To Unsubscribe: send mail to [EMAIL PROTECTED]
with "unsubscribe freebsd-current" in the body of the message



Re: mbuf header bloat ?

2002-11-25 Thread Robert Watson

On Sat, 23 Nov 2002, Andrew Gallatin wrote:

> I propose that we make struct label portion of the pkthdr compile-time
> conditional on MAC.  The assumption is that you will move the MAC label
> to an m_tag sometime after 5.0-RELEASE. 

This weekend I spent about six hours looking at what it would take to move
MAC label data into m_tags.  While in theory it is a workable idea, it
turns out our m_tag implementation is fairly far from being ready to
handle something like this.  I ran into the following immediate problems:

(1) When packet headers are copied using m_copy_pkthdr(), different
consumers have different expectations for what the resulting semantics
are for m_tag data -- some want it duplicated, others want it moved.
In practice, it is only ever moved, so consumers that expect
duplication are in for a surprise.  We need to re-implement the packet
header copying code so that it can generate a failure (because it
involves allocation), and separate the duplicate and move abstractions
to get clean semantics.  I exchanged some e-mail with Sam Leffler on
the topic, and apparently OpenBSD has already made these changes, or
similar ones, and we should do the same for 5.1.

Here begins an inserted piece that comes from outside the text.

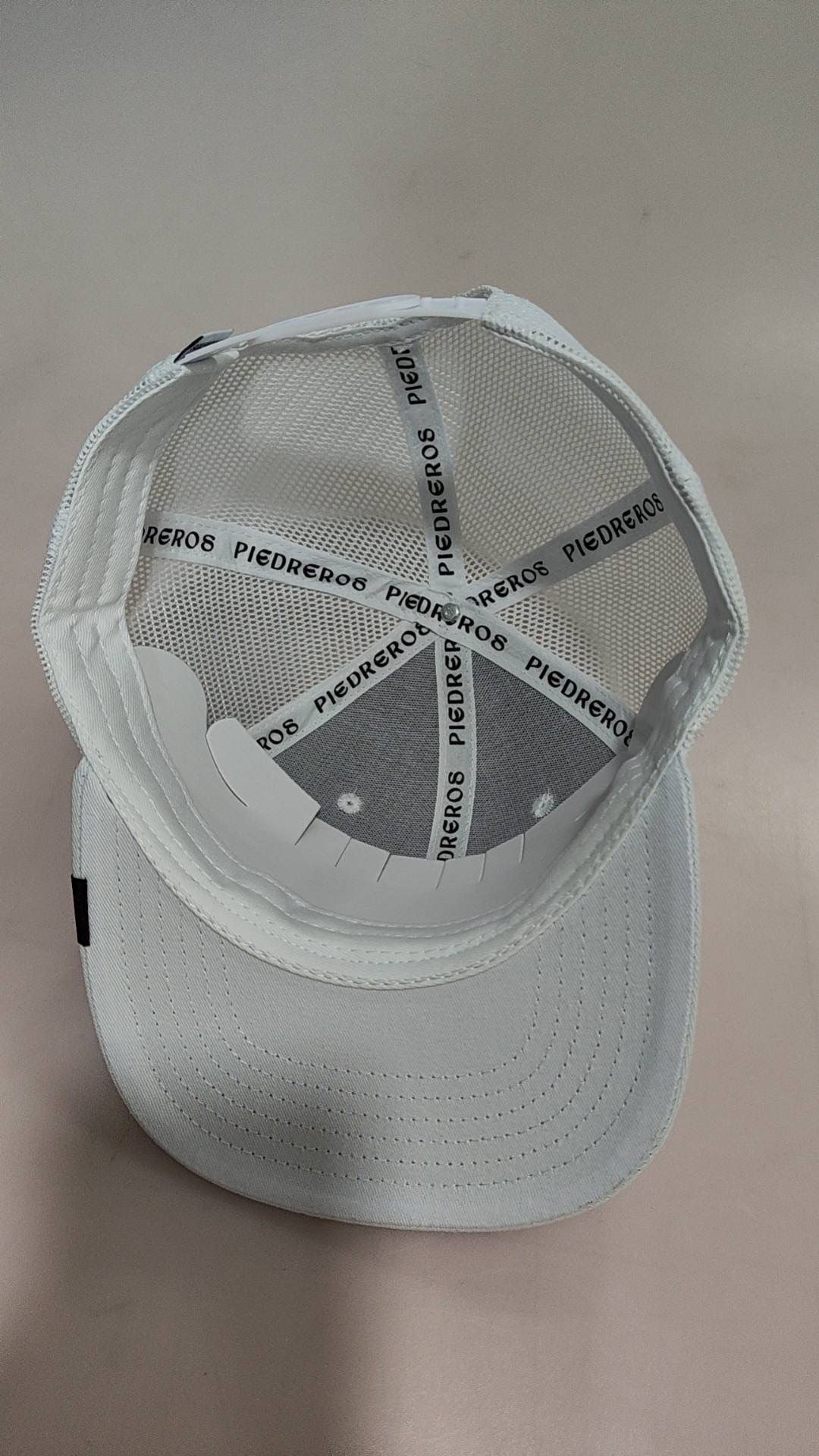 CP-Logo hat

(2) m_tag's don't have a notion that the data carried in a tag is
multi-dimmensional and may require special destructor behavior.  While
it does centralize copying and free'ing of data, it handles this
purely with bcopy, malloc, and free, which is not appropriate for use
with MAC labels, since they may contain a variety of per-policy data
that may require special handling (reference count management, etc).
I tried putting tag-specific release/free/... code in the m_tag
central routines, and it looks like that would work, although it
eventually would lead to a lot of junk in the m_tag code.  We might
want to consider m_tag entry free/copy pointers of some sort, but I'm
not sure if we want to go there.  Adding the MAC stuff to the
m_tag_{free,copy,...} calls won't break the ABI, whereas adding free
and copy pointers to the tags themselves would.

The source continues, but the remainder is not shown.